You may still see lower percentages in comparison to the numbers in the paper for two reasons. 1) The paper considers SVs >=100bp. The consistency is usually lower for >=50bp SVs. 2) With base alignment, minigraph now produces smaller bubbles. The differences in SV representation will be amplified. For example, if we produce one bubble per chromosome, we will get a 100% consistency. In theory, it would be better to take SV lengths into account, but it is tricky in practice.

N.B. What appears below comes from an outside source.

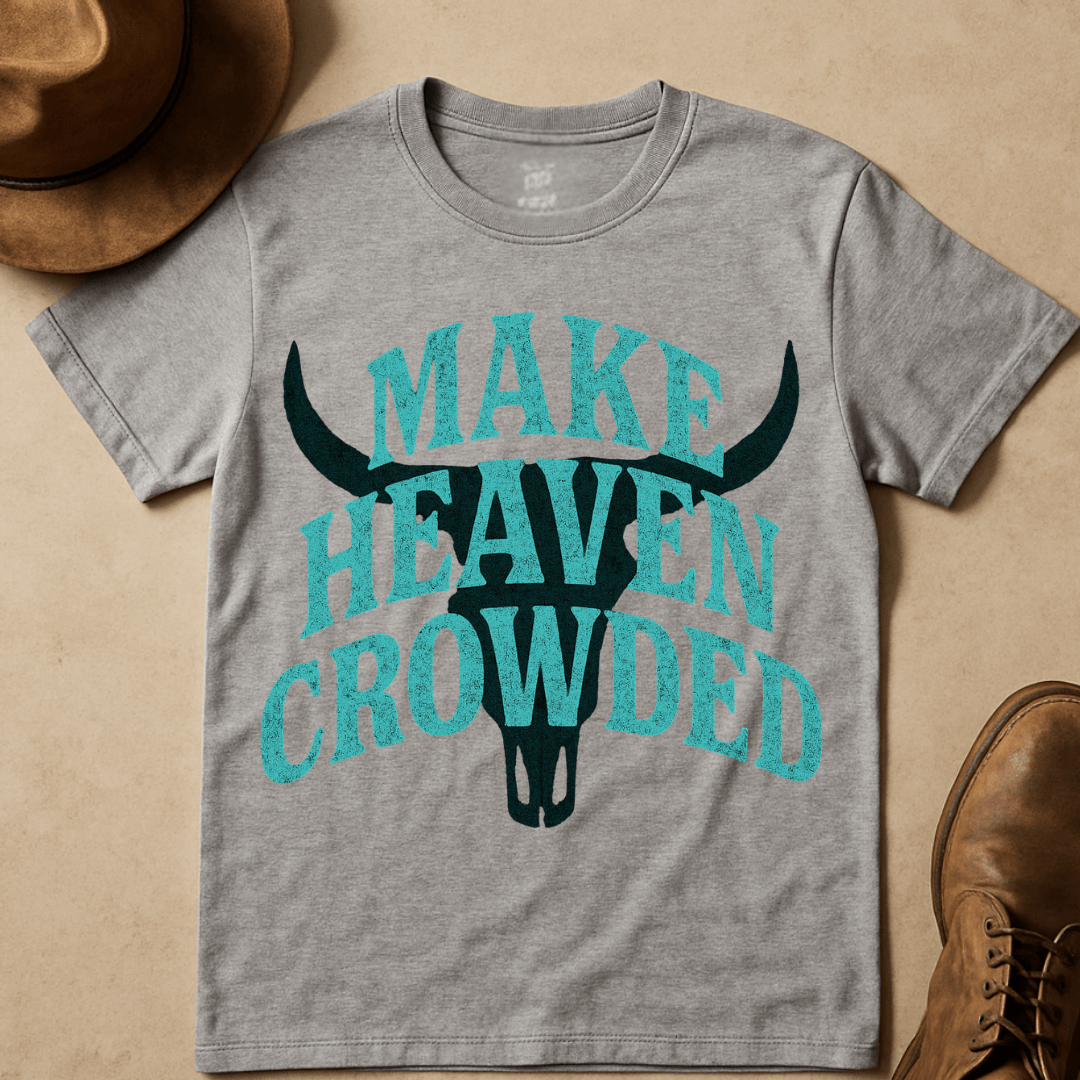 TURQUOISE COWBOY SKULL T-SHIRT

PS: I have looked at graphs generated with more recent versions. The graphs generally look tighter and more precise – overall an improvement.
Dear Heng,
I and @gsc74 tried to compare minigraph and Dipcall SV calls by using HG002 HiFi diploid assembly. We used a similar method for comparison as how you had used the Syndip benchmark in the minigraph paper. We didn't expect to reproduce the exact same numbers that were presented in the paper because significant improvements to minigraph code have been made since then. Unfortunately we are seeing worse performance with the latest minigraph code when compared to the paper. I am sharing the results and benchmarking methodology here. If you have any advice, please let us know.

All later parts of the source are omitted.